I was able by this time to go abroad a little, and I walked down to his cottage; I could learn no more there, however, than that a Capuchin monk had been his guest for two nights, and that M. le Curé had left for Cahors a few hours after the monk. That was all; I returned depressed and dissatisfied. Such villagers as I met by the way greeted me with respect, and even with sympathy--it was the first time I had gone into the hamlet; but the shadow of suspicion which I had detected on their faces some months before had grown deeper and darker with time. They no longer knew with certainty their places or mine, their rights or mine; and shy of me and doubtful of themselves, were glad to part from me.

Near the gates of the avenue I met a man whom I knew; a wine-dealer from Aulnoy. I stayed to ask him if the family were at home.
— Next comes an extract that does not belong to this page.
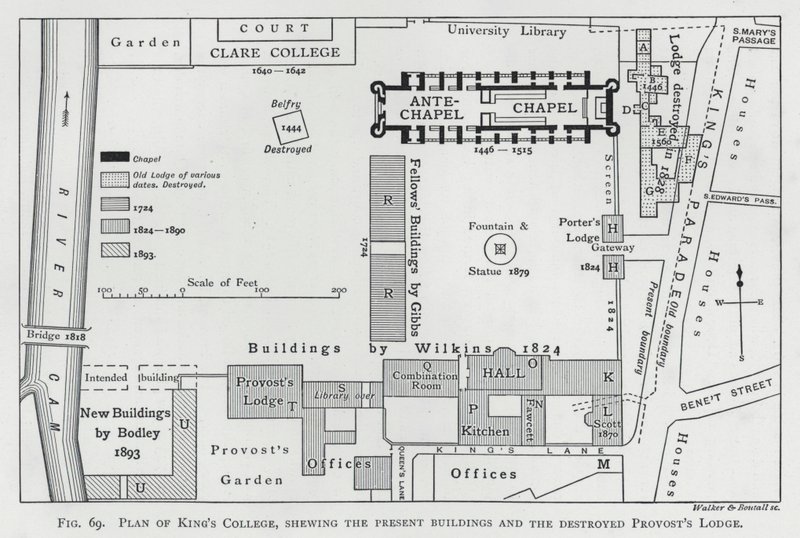 Plan for King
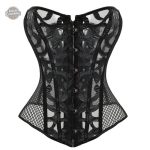 Corset Dentelle Steampunk Overbust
He looked at me in surprise. "No, M. le Vicomte," he said. "They left the country some weeks ago--after the King was persuaded to go to Paris."

"And M. le Baron?"

"He too."

"For Paris?"

The man, a respectable bourgeois, grinned at me. "No, Monsieur, I fancy not," he said. "You know best, M. le Vicomte; but if I said Turin, I doubt I should be little out."

"I have been ill," I said. "And have heard nothing."
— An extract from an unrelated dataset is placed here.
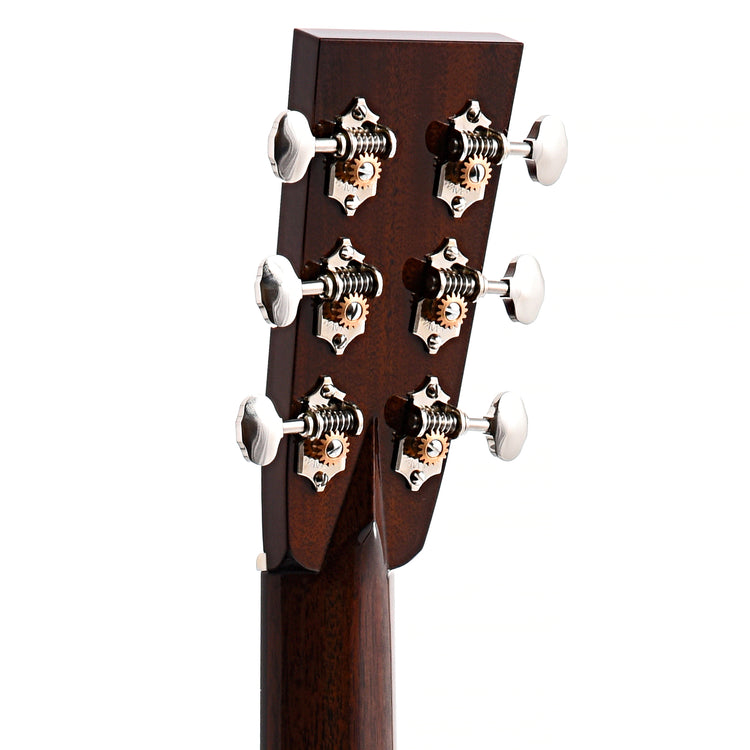 Back Headstock of Collings Baby 2H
"You should go into Cahors," he answered; with rough good-nature. "Most of the gentry are there--if they have not gone farther. It is safer than the country in these days. Ah, if my father had lived to see----"

He did not finish the sentence in words, but raised his eyebrows and shoulders, saluted me, and rode away. In spite of his surprise it was easy to see that the change pleased him, though he veiled his satisfaction out of civility.